Monday, September 5, 2022

First Slovak Republic

The First Slovak Republic existed from 14 March 1939 until 4 April 1945.  As a result of the 1938 Munich Conference which resulted in Germany annexing the Sudetenland, other parts of Czechoslovakia were taken over by Poland and Hungary.

Jozef Tiso

On 13 March 1939, Monsignor Jozef Tiso was invited to Berlin by Adolf Hitler.  Tiso was told by Hitler that Nazi Germany would support an independent Slovakia.  If Slovakia didn't declare independence from the Second Czechoslovak Republic then Slovak land would be divided up between Hungary, Poland and the rest of Czechoslovakia.

On 14 March 1939, Slovakia declared independence.  The next day, Czechoslovakia was wiped off the map as Germany established the Protectorate of Bohemia and Moravia.  This was the first time in history that there was an independent Slovakia.

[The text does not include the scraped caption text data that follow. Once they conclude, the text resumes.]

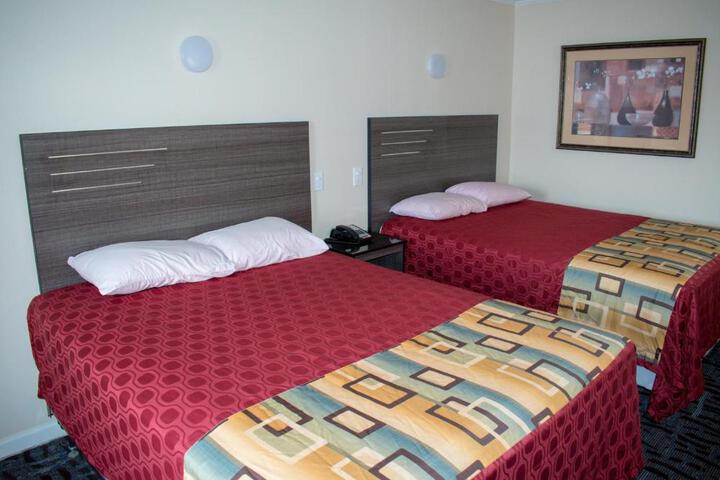 Standard Double Room (1 of 5)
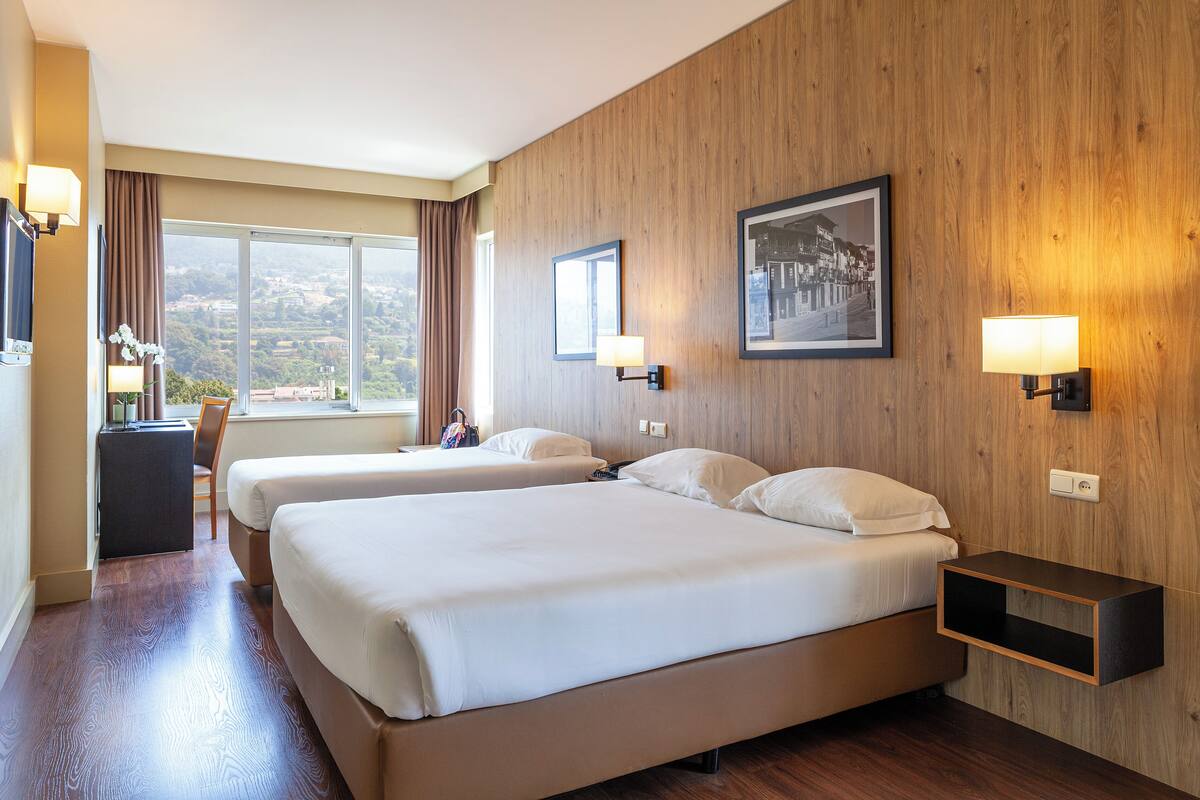Family Room for 2 adults and 2 children | ミニバー、セーフティボックス (室内)、デスク、遮光カーテン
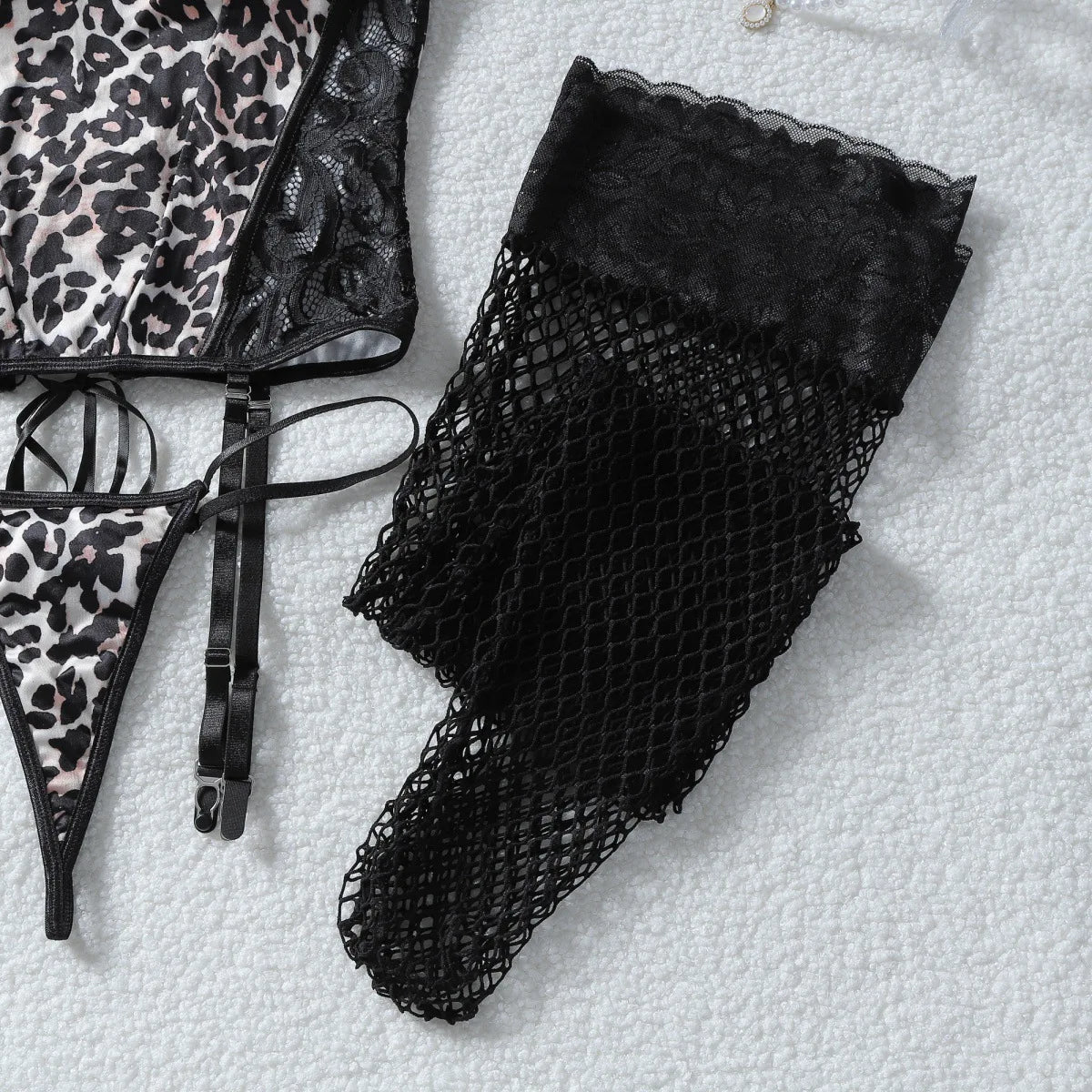 Toucheart Erotic Lingerie Hot Girl Sexy Leopard Print Suspender See-through Lace Waist Shaping Luxurious Hot Underwear Split Set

Fight for the nation and the state!

Under Czechoslovakia, Tito was the Slovak prime minister.  When Slovakia declared independence, he became president.  This independent Slovakia was a one-party state that was a Nazi puppet state.  Slovakia sent troops to participate in Germany's invasions of Poland in September 1939 and the Soviet Union in 1941.

The white, blue, red tricolour flag was the official flag of Slovakia during during the Second Czechoslovak Republic.  It became the official flag of the First Slovak Republic.  In 1969, it became the flag of Czechoslovakia's Slovak Socialist Republic and in 1990 it was the flag of the Slovak Republic during the Czech and Slovak Federative Republic.  What's interesting is that this is the flag of the Russian Federation.

The were 2,6 million people in Slovakia and 85% were Slovaks.  It was home to about 5% Germans, almost 3% Czechs, 2% Hungarians and just over 1% Jews.  Roughly 77% of the pre-war Jewish population was either killed directly or deported to Auschwitz.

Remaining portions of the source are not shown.